Menambat Rindu di Amu Darya

Teguh Santosa bertugas di Uzbekistan, 20 tahun lalu. Foto: dok.
Teguh Santosa bertugas di Uzbekistan, 20 tahun lalu. Foto: dok.

Ingatan Teguh Santosa, Ketua Umum Jaringan Media Siber Indonesia, tentang Termez masih sangat lekat. Dia sempat menetap beberapa pekan di kota yang berada di selatan Uzbekistan yang berbatasan dengan Afganistan


“Itu adalah perjalanan pertama saya ke luar negeri sebagai wartawan. Saat itu saya baru berusia 25 tahun. Masih muda. Sangat sehat. Juga tidak mengkhawatirkan risiko apapun,” kata Teguh, CEO RMOL Network, menceritakan pengalaman dua puluh tahun lalu saat berada di Uzbekistan, dalam diskusi RMOL World View bertema “Mengenal Tradisi Ramadhan di Uzbekistan”, kemarin. 

 Saat itu, Teguh baru bekerja sebagai wartawan. Dia ditugaskan meliput konflik di Afganistan. Langkahnya di Termez adalah sebuah pilihan tepat. Saat beberapa wartawan Indonesia berusaha masuk ke Afganistan dari Pakistan di selatan, Teguh masuk lewat Uzbekistan.

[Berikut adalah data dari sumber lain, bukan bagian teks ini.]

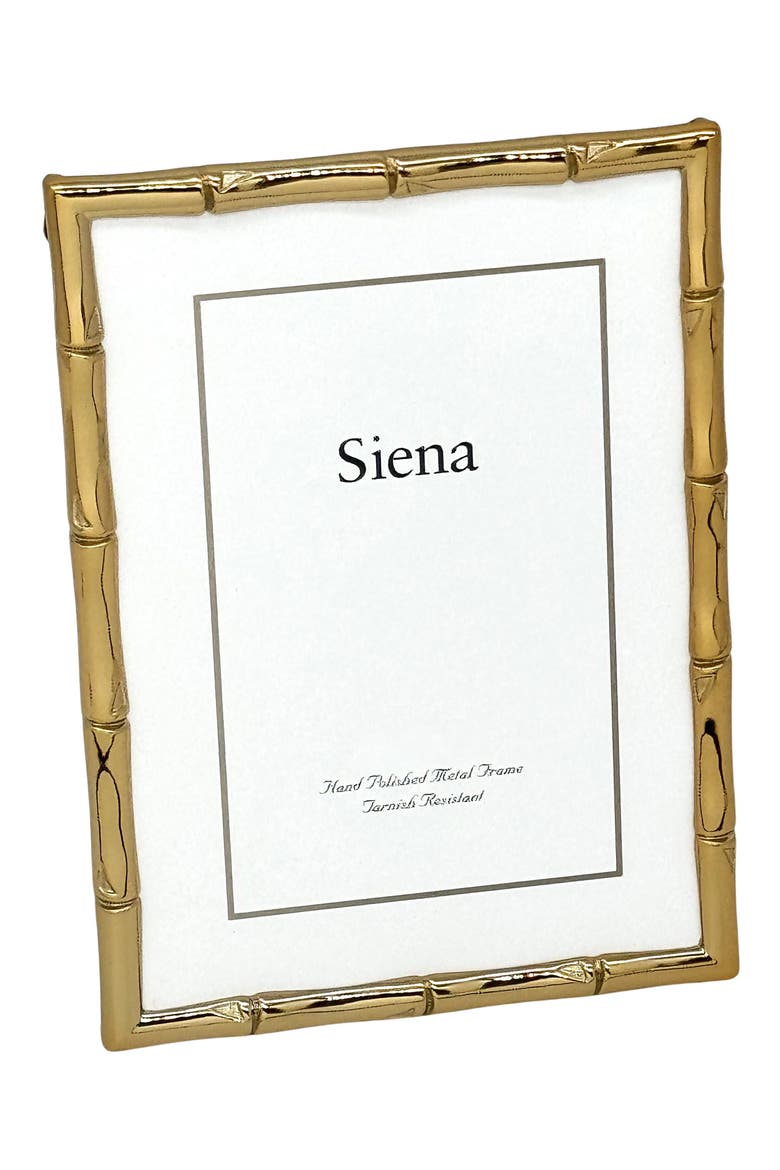 Goldtone Bamboo Design 5" x 7" Picture Frame, Main, color, GOLD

 Setelah mendarat di Ibu Kota Tashkent, Teguh melanjutkan perjalanan ke Kota Termez yang berada di tepi Sungai Amu Darya. Sungai ini memisahkan Uzbekistan dan Afganistan. Di kota kelahiran Imam Tarmizi itu, Teguh dan beberapa wartawan asing menunggu kesempatan menyeberangi Jembatan Persahabatan yang membentang di atas Amu Darya. 

Dalam diskusi yang dipandu redaktur Kantor Berita Politik RMOL, Amelia Fitriani, dan menghadirkan Second Secretary Kedubes Uzbekistan di Jakarta, Muzaffar Abduazimov, itu, Teguh mengatakan tugas itu diembannya tak lama setelah peristiwa 9/11 di New York.

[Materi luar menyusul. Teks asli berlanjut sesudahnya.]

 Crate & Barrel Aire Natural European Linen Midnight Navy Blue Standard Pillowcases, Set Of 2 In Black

Sebagai wartawan muda, Teguh benar-benar menikmati perjalanan itu. Selain meliput perang di Afganistan, di Uzbekistan, Teguh juga mempelajari negara-negara Asia Tengah, terutama Uzbekistan, setelah berpisah dengan Uni Soviet, sepuluh tahun sebelumnya.

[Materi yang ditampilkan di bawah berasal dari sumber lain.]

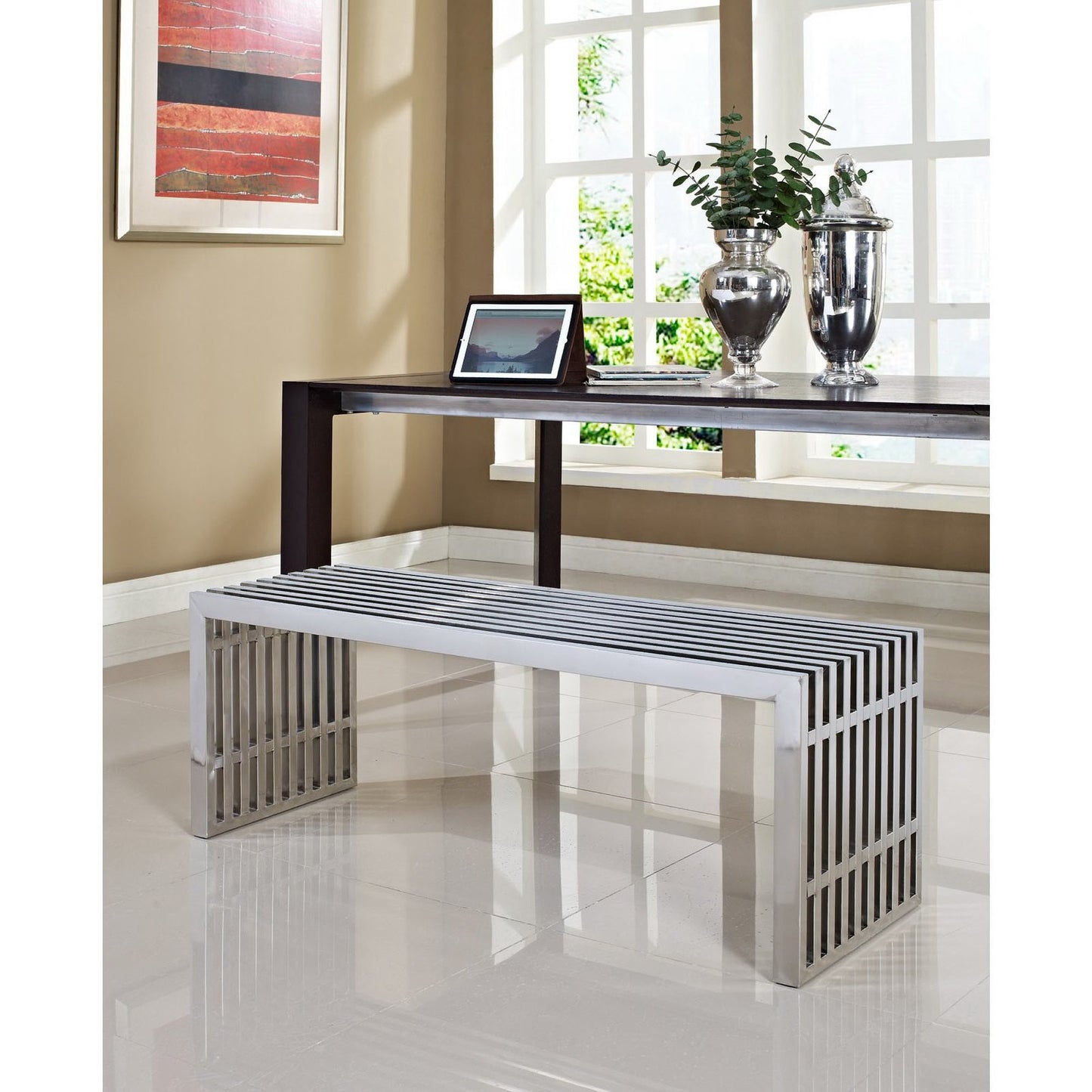 Modway - Gridiron Large Stainless Steel Bench by Modway Living Room Benches and Stools Silver - EEI-570-SLV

“Itu pengalaman yang sangat luar biasa. Musim gugur yang indah. Udara cukup dingin. Saya menikmati kuliner Uzbekistan seperti plov, saslik, dan juga ayam yang yummy,” ujar Teguh.

Selama berada di Uzbekistan, setiap hari Teguh mengirimkan reportase baik mengenai perang yang berkecamuk di Afganistan maupun mengenai situasi di Uzbekistan dan negara-negara lain di kawasan. 

Namun, pemerintah Uzbekistan tak kunjung membuka Jembatan Persahabatan. Teguh bertahan sampai logistiknya mendekati titik nol. Dalam diskusi itu, Teguh mengaku memahami keputusan Uzbekistan untuk tetap menutup Jembatan Persahabatan. 

Saat itu, kata Teguh, Uzbekistan berusaha mencegah arus pengungsi dan juga kemungkinan Taliban, membonceng pengungsi, masuk ke Uzbekistan. Teguh akhirnya memutuskan angkat kaki kembali ke Tashkent dan kembali ke Tanah Air.

Namun tetap saja perjalanan itu menjadi pengalaman luar biasa. Umu Darya menempati ruang spesial di hatinya. Bahkan reportase selama berada di Uzbekistan itu diterbitkan dalam sebuah buku berjudul “Di Tepi Amu Darya” pada 2018. Buku ini dicetak ulang pada 2020 lalu. 

Teguh yang saat ini menyelesaikan studi doktoral di jurusan hubungan internasional Universitas Padjadjaran berharap suatu hari dia diizinkan kembali ke Uzbekistan.

“Entah kapan, saya bisa kembali ke Termez untuk menyelesaikan mimpi saya. Melanjutkan perjalanan ke Afganistan, menyeberangi Amu Darya menuju Hairaton lalu Mazar I Syarif, dan selanjutnya ke Kabul,” kata Teguh. Rindu itu ditambatkan Teguh di Amu Darya.